Balancing a Multi-Skill Contact Center

Balancing a Multi-Skill Contact Center

Niagara Falls attracts 30 million tourists every year, but few visitors draw as much attention as Nik Wallenda did. In 2012, he became the first person to make the 1,800-foot trek from one side to another – on a tightrope. A member of the legendary Flying Wallenda family of acrobats and funambulists, he has perfected the physics of balance, positioning his center of mass and increasing his rotational inertia. In his line of work, a single misstep, a poorly timed twitch or an underestimated distance can be fatal.

Even with their feet on the ground, managers often feel that balancing the demands of the contact center is nearly as challenging as walking a tightrope. The slightest shifts in traffic, employee availability or call type can easily upset the processes managers spend hours preparing. Adjusting to these challenges and keeping the operation steady can determine the survival of the organization.

One of the most effective ways to counter this instability is by developing multi-skilled employees. Contact centers around the world recognize the importance of this practice, and 86 percent of managers believe that a multi-skill staffing model is best for their organizations. Multi-skilled employees offer distinct advantages in several areas:

  • Increased employee engagement – Employees who perform the same repetitive task every day are more likely to become bored and disengaged, and they are in risk of quitting. Training employees in multiple skills allows them to exercise their minds and manage a mix of tasks, keeping them sharp, attentive and engaged.
  • Optimized KPIs – Employees who specialize in specific skills or areas can handle calls more quickly and leave customers more satisfied.
  • Scheduling flexibility – When employees can handle a diverse array of customer functions, they may be able to cover extra shifts in case of absent teammates, attrition or traffic increases.
  • Enhanced back office – Large back-office teams support front-line customer contacts, but management often ignores the workforce management potential in these employees. Multi-skilled back-office employees can increase efficiency and even rotate or support agents when needed.
     

Despite this enthusiasm for training employees to specialize in multiple types of calls, media channels and demographics, few organizations are accessing the full power offered by this capability. Many organizations use skill-based routing but make little or no effort to optimize scheduling based on employee skills: 31 percent rely solely on bidding to set schedules.

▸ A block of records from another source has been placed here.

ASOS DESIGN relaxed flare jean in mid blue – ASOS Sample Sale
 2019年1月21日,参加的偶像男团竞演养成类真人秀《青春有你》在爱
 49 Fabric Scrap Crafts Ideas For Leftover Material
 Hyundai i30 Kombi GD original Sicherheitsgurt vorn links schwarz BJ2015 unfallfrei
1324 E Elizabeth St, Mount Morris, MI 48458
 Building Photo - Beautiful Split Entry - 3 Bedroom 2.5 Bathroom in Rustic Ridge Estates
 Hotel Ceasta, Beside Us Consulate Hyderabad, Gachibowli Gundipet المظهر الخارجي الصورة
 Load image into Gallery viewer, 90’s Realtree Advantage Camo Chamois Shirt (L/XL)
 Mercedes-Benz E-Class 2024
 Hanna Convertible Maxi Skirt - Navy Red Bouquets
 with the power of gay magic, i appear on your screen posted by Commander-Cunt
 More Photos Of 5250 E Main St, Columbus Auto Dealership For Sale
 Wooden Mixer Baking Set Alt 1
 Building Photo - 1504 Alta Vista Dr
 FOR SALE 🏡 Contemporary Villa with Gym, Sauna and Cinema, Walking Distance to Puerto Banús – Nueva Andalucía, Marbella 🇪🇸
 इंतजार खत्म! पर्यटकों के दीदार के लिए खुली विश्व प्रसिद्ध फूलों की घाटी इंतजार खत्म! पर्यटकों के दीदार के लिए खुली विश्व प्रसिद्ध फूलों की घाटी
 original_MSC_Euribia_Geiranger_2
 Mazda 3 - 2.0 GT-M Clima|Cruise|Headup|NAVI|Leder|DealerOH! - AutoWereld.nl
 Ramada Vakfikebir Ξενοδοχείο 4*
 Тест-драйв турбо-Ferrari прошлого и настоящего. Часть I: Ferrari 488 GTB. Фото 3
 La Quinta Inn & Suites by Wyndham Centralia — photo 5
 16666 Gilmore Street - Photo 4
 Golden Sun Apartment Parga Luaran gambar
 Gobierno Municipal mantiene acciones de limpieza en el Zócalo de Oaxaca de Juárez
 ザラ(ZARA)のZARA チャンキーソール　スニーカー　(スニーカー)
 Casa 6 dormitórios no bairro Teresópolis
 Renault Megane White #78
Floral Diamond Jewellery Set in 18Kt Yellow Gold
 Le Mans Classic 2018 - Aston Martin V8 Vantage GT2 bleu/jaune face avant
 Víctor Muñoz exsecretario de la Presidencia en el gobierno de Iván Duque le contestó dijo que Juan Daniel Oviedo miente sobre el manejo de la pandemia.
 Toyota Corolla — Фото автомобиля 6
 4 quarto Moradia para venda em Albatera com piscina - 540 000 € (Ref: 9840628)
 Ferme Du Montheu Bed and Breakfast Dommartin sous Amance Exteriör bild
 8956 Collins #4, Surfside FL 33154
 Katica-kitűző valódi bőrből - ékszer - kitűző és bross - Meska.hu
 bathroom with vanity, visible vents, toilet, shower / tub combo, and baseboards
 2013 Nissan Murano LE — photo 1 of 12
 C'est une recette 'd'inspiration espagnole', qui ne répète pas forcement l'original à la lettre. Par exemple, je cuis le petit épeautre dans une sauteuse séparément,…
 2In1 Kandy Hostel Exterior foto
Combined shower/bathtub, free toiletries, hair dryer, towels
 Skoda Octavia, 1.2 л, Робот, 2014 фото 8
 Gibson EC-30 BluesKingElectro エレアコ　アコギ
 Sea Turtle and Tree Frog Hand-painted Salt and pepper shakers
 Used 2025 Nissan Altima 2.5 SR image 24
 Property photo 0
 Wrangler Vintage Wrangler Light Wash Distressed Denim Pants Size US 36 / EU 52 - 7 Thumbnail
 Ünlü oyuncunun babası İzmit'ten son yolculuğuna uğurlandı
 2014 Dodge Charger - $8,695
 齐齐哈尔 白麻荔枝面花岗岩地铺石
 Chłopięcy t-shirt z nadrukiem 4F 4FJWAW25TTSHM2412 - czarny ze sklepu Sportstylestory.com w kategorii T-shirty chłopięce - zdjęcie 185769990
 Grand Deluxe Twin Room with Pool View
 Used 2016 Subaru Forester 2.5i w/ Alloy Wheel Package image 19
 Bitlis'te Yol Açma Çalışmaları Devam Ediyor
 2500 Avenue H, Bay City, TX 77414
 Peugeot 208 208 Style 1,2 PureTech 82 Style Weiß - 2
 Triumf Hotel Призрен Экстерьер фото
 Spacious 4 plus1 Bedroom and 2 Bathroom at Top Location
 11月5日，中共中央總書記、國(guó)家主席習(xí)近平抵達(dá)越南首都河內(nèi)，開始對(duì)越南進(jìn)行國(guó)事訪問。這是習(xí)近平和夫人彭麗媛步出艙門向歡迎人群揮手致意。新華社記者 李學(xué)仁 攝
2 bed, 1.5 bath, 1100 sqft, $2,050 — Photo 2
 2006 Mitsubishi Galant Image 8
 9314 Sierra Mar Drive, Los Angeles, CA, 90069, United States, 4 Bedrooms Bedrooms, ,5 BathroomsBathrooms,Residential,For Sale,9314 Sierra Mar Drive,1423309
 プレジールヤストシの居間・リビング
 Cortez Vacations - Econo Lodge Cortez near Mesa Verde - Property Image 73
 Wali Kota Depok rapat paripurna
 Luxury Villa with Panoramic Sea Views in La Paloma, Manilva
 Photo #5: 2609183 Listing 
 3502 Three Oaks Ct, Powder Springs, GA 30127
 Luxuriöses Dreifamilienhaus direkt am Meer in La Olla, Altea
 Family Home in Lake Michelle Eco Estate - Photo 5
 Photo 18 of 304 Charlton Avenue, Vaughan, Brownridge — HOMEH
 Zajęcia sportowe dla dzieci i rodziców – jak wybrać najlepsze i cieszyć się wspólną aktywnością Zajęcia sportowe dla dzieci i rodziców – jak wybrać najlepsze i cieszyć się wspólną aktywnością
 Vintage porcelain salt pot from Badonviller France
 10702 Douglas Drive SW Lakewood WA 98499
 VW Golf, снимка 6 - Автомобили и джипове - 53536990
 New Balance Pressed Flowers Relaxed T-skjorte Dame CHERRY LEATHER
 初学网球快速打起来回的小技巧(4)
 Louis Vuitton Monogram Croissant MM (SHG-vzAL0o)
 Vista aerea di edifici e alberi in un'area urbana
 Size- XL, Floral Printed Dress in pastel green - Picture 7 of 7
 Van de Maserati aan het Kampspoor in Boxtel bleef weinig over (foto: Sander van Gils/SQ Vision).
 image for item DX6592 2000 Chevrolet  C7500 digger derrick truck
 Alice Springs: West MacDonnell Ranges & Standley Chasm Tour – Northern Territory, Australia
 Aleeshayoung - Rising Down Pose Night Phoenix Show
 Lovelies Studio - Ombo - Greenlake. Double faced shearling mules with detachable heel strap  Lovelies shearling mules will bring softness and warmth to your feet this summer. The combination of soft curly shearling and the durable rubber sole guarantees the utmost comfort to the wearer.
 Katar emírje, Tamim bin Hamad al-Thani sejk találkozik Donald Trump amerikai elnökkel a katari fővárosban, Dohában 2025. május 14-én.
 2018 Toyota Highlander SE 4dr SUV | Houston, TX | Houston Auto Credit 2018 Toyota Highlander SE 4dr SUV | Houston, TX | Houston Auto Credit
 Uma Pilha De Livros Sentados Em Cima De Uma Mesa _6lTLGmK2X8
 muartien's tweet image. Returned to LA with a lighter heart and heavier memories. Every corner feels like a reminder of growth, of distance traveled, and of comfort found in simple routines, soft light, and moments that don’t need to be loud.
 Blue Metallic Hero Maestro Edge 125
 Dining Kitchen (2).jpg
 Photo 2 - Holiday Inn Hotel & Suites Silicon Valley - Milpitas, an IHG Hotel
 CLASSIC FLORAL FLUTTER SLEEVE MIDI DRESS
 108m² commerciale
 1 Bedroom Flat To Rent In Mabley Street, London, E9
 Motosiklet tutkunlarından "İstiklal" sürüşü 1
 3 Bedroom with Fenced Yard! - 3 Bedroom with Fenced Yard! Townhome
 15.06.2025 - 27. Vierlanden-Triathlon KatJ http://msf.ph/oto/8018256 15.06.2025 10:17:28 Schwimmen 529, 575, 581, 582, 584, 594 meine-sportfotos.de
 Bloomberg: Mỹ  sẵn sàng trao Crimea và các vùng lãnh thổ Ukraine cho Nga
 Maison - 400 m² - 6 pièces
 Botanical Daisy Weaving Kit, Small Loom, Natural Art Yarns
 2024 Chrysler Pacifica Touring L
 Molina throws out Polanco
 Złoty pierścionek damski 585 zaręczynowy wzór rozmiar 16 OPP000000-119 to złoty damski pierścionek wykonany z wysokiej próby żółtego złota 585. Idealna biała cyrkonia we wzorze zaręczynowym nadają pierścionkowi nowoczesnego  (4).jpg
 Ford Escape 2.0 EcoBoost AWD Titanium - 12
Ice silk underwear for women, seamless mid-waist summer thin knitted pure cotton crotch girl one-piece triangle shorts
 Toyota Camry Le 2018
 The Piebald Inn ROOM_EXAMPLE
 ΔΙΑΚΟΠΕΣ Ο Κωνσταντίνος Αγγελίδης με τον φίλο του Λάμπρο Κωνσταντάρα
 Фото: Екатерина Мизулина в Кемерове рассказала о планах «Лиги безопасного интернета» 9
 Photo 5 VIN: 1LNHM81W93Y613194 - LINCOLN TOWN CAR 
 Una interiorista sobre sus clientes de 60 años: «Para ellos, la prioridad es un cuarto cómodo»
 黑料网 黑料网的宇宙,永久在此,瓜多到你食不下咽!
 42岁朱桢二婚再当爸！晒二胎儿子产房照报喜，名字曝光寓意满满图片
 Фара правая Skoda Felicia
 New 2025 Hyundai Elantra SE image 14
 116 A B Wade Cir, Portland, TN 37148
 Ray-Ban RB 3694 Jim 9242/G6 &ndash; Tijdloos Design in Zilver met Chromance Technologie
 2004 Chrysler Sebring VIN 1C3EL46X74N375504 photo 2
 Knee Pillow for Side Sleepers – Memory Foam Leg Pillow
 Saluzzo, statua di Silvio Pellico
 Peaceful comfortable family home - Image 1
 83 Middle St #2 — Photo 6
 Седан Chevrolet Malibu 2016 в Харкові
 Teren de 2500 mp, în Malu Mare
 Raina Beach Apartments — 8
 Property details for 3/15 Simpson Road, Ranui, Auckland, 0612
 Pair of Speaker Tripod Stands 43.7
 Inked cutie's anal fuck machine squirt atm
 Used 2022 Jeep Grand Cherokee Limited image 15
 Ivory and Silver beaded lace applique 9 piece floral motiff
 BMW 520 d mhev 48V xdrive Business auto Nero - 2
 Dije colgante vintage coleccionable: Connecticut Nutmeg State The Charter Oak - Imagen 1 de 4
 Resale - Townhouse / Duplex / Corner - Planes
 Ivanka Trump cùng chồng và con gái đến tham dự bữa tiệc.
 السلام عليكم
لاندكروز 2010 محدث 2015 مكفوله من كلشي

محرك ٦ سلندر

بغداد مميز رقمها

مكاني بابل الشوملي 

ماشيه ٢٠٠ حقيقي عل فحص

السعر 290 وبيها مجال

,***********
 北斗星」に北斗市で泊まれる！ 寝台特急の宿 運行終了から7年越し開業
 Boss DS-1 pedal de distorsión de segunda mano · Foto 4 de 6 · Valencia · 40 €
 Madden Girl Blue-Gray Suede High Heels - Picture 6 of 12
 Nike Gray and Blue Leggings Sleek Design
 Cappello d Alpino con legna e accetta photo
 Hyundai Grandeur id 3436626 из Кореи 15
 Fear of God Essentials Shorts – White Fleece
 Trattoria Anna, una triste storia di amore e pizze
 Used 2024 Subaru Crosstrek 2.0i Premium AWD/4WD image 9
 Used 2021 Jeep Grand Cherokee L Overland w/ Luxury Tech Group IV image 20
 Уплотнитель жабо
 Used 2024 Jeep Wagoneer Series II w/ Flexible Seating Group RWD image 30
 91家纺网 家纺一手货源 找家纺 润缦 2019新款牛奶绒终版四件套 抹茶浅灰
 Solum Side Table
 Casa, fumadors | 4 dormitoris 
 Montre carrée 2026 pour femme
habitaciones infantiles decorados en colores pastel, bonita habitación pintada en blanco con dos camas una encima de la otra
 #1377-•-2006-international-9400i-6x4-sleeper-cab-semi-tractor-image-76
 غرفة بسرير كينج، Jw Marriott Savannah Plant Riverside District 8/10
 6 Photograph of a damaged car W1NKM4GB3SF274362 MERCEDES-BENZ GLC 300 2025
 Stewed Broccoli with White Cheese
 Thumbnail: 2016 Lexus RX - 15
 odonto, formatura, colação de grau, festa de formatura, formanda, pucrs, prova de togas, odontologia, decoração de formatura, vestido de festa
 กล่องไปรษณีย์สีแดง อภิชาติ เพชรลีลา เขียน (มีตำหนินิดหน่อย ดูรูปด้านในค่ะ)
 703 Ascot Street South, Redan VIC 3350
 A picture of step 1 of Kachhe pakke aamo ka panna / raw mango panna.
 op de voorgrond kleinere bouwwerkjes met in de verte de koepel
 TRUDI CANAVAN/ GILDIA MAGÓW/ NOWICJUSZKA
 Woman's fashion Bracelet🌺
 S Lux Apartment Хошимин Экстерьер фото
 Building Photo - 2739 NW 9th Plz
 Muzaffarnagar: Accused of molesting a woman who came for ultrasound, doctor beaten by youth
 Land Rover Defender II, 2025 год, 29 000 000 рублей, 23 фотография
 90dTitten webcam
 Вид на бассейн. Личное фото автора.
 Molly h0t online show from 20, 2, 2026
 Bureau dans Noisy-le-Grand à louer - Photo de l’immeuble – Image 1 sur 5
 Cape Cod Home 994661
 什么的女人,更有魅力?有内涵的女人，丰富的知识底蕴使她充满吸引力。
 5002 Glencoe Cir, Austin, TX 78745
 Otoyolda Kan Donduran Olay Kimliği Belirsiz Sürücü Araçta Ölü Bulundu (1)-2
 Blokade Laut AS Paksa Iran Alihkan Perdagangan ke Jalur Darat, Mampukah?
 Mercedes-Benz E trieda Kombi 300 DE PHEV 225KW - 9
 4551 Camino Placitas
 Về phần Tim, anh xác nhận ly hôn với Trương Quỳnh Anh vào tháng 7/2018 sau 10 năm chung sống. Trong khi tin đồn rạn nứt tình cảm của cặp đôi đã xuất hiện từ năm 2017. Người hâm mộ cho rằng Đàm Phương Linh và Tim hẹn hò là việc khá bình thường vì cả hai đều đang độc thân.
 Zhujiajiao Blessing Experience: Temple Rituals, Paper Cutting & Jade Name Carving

The difficulty lies in the inherent complexity of scheduling multi-skilled employees. A center may employ the sharpest Excel experts in the world, but no amount of Erlang functions can do the job of scheduling via spreadsheet.

Employees with multiple skills can handle a range of calls, emails, messages and even social media connections, but they are by definition specialized. At times this is valuable: Having someone who speaks a language or is familiar with the technical details of a specific product can save your organization money and time. Rather than training an entire staff with these skills, managers can bring on a smaller group and then use them as generalists when their unique qualifications are not required.

Yet this can also be limiting: Fewer employees able to handle that situation puts the team at risk if there is high traffic in that area or if multiple employees are unavailable to work. Moreover, handling different calls types may take different amounts of time; that is, an agent may require 4 minutes to handle call type A, but only 3 minutes and 10 seconds to handle call type B. Scheduling based on these variations requires advanced algorithms, and determining where an agent will add the most value adds another level of complexity.

The only real way to accomplish this is through modern, complex workforce management technology. Today’s WFM solutions can track and process millions of data points and translate them into insights that optimize efficiency and reflect the reality of a workforce’s capabilities. Forecasting and predictions reach unprecedented accuracy and make scheduling easier than ever. In addition, they empower employees to self-schedule but automatically limit their bidding options to hours that fit with the center’s needs. It serves everyone by empowering and engaging employees and increasing ROI for the organization.

These abilities will only continue to expand as the powers of data science grow, and with every development, balancing today’s complex contact center becomes a little bit easier. In an environment in which most managers already recognize the importance of multi-skilled workers, there’s no reason not to lift it to its fullest potential.